Akhirnya percakapan singkatpun terjadi, aku mulai bertutur tentang masalah yang kuhadapi
saat itu, dengan seksama TOMMY mendengarkan kisahku, kulihat air matanya menetes,
keakrabanpun terjalin, hingga TOMMY mengakui bahwa dia adalah AKTIFIS GEREJA dan
siap membantuku keluar dari masalah yang kuhadapi tersebut, segala kebutuhanku akan
dipenuhinya, apapun yang aku mau akan diturutinya, namun dengan sebuah syarat, bahwa
aku harus ikut agamanya dan meyakini tuhannya.

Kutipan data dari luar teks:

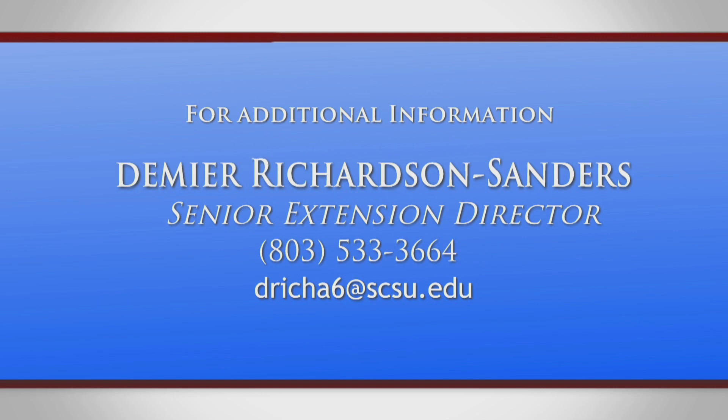For additional information about the 1890 Extension Smart Academy, please contact Demire Richardson Sanders, Senior Extension Director for Community Education, at 803-533-3664 or DRichA6@scsu.edu.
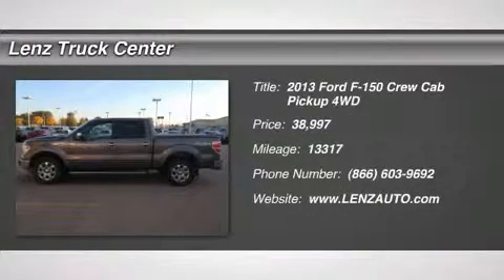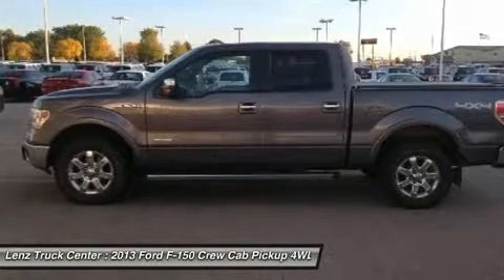3.5L EcoBoost, Lariat Package, Crew Cab, Short Box, Automatic, 4x4.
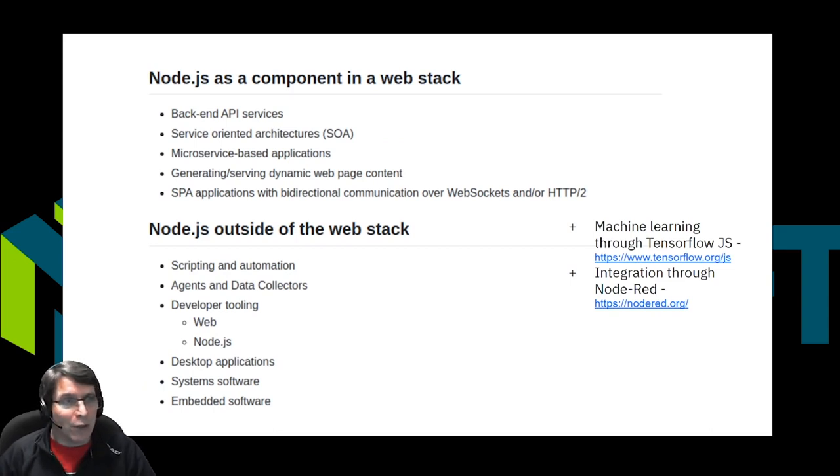Node.js has found use in a lot of different applications and use cases. This is a list of use cases that the Community Benchmarking Working Group put together, and you can see that it ranges from backend services and microservices all the way down to running in embedded systems and IoT-type systems. There's also support for using Node with machine learning through things like TensorFlow.js, and you can even do integration and graphical-type programming through things like Node-RED. Really, Node has found its way into a large number of different use cases, from running scripts to running backend services.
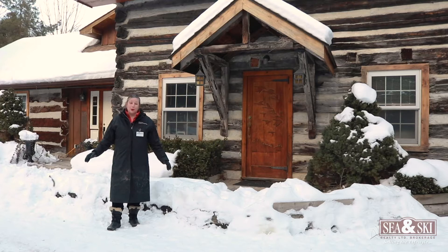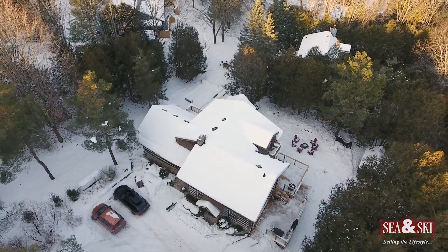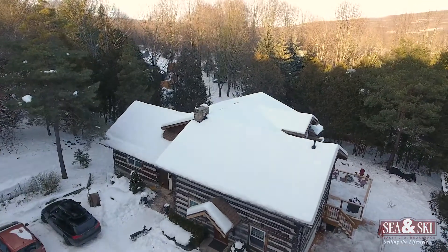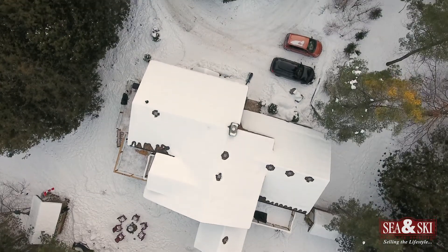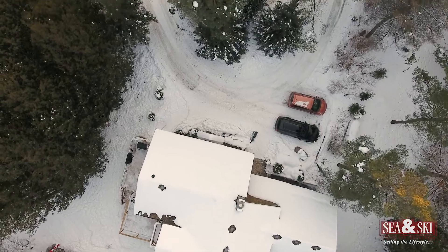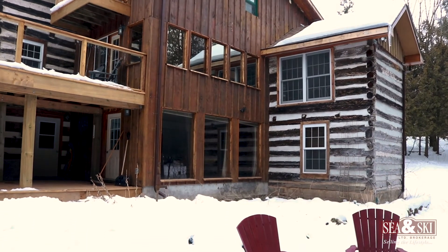Welcome to this peaceful log chalet located here in the Beaver Valley. One of the most unique features of this property is that this is a collaboration of several log homes from the 18th century that were reassembled here to form the masterpiece that's behind me.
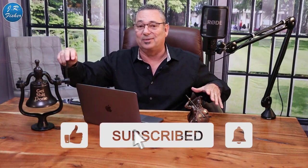Welcome to my channel, JR Fisher here. I appreciate you being here. Don't forget to subscribe — there's a big subscribe button down here. Hit that button and then ring the bell.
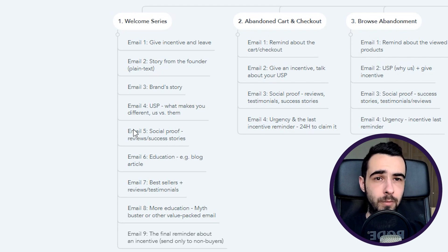Email number five is social proof — you're removing one of the most common objections: 'Will it work for me? Is it a scam?' Solve it with reviews, success stories, and testimonials. Email number six is education — if you have a blog article, promote it. If not, find a valuable article from other websites and repurpose it into the email to provide value. Don't copy — repurpose it.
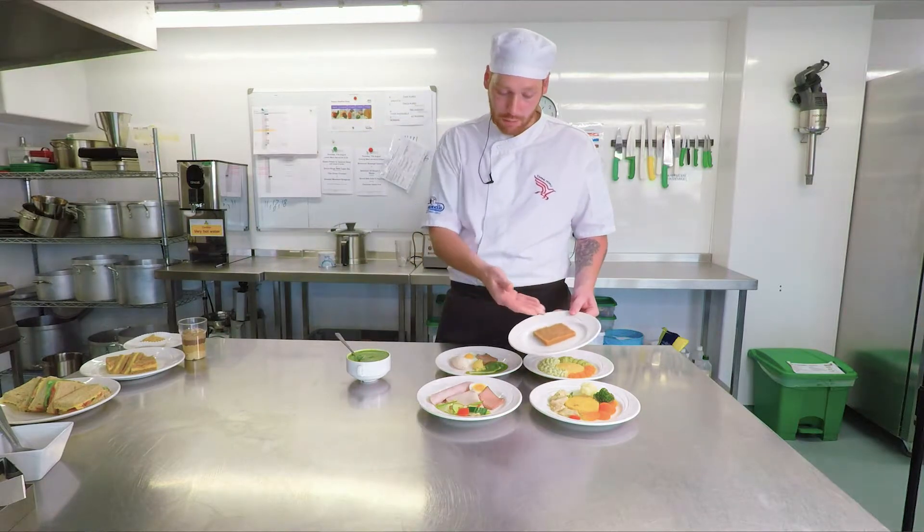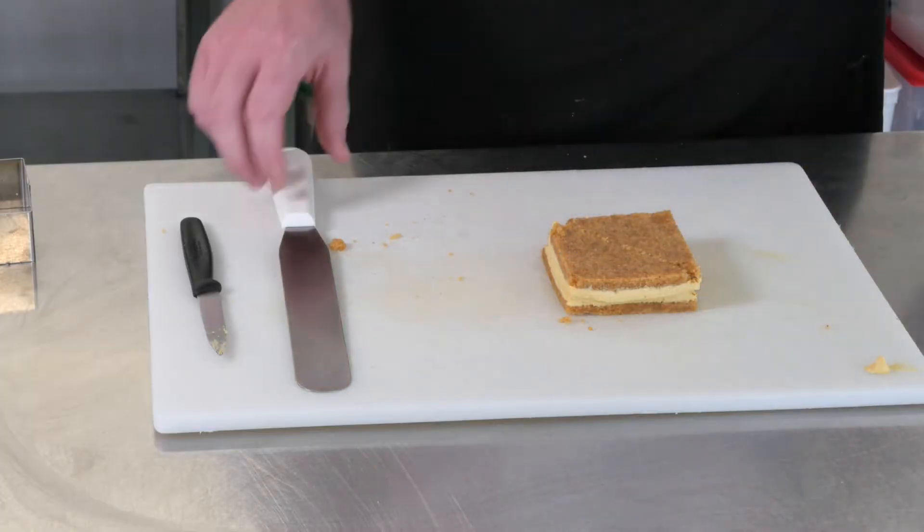Later on we're going to show you some clips of myself and Stuart using the process that we use to change food from normal texture into the various different texture modified versions. The process we use — we believe and we're very passionate about it — is that everyone that we care for should be offered the exact same food. So it doesn't matter if you've got a special requirement, whether it be texture modified or whether it needs fortified, everybody's offered the exact same food.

gemetar tubuhku mendengar syarat tersebut, namun perasaan kecewa, marah, dan sakit telah
menguasai nalarku, hingga tanpa berfikir panjang aku mengiyakan syarat tersebut, aku telah
lemah, imanku goyah, hatiku mulai luluh, MENGAPA SAUDARAKU SEIMAN DAN
SEAQIDAH SEOLAH TAK SUDI MELEPASKAN AKU DARI BEBAN HIDUP INI,
SEMENTARA DIA, ORANG YANG BARU SAJA AKU KENAL DENGAN BEGITU
MUDAHNYA MEMBERI PENAWAR ATAS KELUKAAN YANG AKU RASAKAN...,
akhirnya kesepakatanpun terjadi, aku diminta datang kegerajanya hari ahad tanggal 13
september pukul 10.00 pagi untuk menandatangani sebuah kontrak yang masih kurang jelas
bagiku, sebagai langkah awal dan tanda bahwa aku telah menyepakati syarat tersebut, aku
mulai menanggalkan satu persatu simbol-simbol islam dalam diriku, dengan tangan gemetar,
dihadapannya aku meraih sebilah gunting dan mulai mencukur jenggotku, aku mulai
menanamkan pesan-pesan penting dalam diriku, bahwa yang menyelamatkan aku saat ini
bukan saudara dari agamaku, tetapi dari agama lain, aku mulai melalaikan satu persatu waktu
sholat yang selama ini tak pernah lepas dari aktifitasku, YA ALLAH...AKU CINTA
PADAMU, AKU CINTA AGAMAMU, AKU CINTA SELURUHNYA TENTANGMU,
TETAPI AKU TELAH KECEWA DENGAN SEMUA INI........, setelah kejadian itu, hari-
hari aku lalui dengan kehampaan dan kepedihan, aku bingung, aku malu pada diriku sendiri
yang telah picik menggadaikan agamaku demi sebuah kebahagiaan, tapi disisi lain apa yang
harus aku lakukan?,

berbagai ikhtiar telah aku lakukan, tapi tak ada satupun yang membuahkan hasil.., hingga
akhirnya hari ahad itupun tiba, pukul 09.00 pagi aku mulai bersiap-siap menuju ketempat
dimana pak tommy menunggu aku, perasaanku tak menentu…., air mataku menetes deras…,
YA ALLAH..,masih adakah pertolongan bagiku sebelum akhirnya segalanya terlepas dari
diriku?, lama aku terpaku dalam gejolak jiwa yang bergemuruh.., hingga akhirnya kulihat
jarum jam menunjukan pukul 09.45 menit, sementara aku masih belum beranjak.., kulihat 15
panggilan tak terjawab dari pak tommy….YA ALLAH…tolonglah aku…., saat itu
perasaanku semakin bergemuruh dan tak menentu…tiba-tiba kurasakan kepalaku pening dan
dunia kurasakan mulai gelap…semua gelap dan gelap…hingga aku tak ingat
apapun….semilir angin bertiup menerpa wajahku, kudengar suara azan berkumandang…aku
mencoba mengingat-ingat kembali beberapa peristiwa sebelum aku tersungkur pingsan…
kulirik jam tangan yang melingkar dipergelangan tanganku, pukul 12.30..ya ALLAH, berarti
telah masuk maktu sholat zhuhur, kuperhatikan kembali hpku…ada 45 panggilan takterjawab
dan 6 pesan singkat dari pak tommy..sepertinya dia kecewa dengan janji yang tidak
kutunaikan…, dan SUBHANALLAH…ada pesan ke 7 dari sebuah nomor yang tidak asing
lagi bagiku…, nomor salah seorang saudara yang mengabarkan bahwa dia memintaku untuk
dating kerumahnya ba’da zhuhur, katanya dia memiliki kelebihan materi dan siap
membantuku…, terima kasih ya ALLAH..engkau telah menolongku dari kesulitan hidup
ini…terima kasih…semoga semua ini dapat menjadi pelajaran berharga bagi diriku…

Itulah sepenggal kisah yang baru saja aku lewati, sungguh begitu sulit, tapi aku hanyalah
manusia biasa yang tak memiliki daya, sulit dipercaya memang...tapi inilah realita yang
benar-benar terjadi dalam hidupku, Ya Allah...KAU ada dalam setiap helaan nafasku, KAU
ada dalam setiap detak jantungku, mungkin benar.., aku terlalu rapuh, imanku terlalu
lemah..., tapi...semua tak bisa kuelakkan, hanya ada satu sahabat yang padanya aku telah
menceritakan semua ini...IVAN namanya, dia sahabat yang baik..., kudoakan semoga kau tak
akan mengalami nasib pahit seperti ini.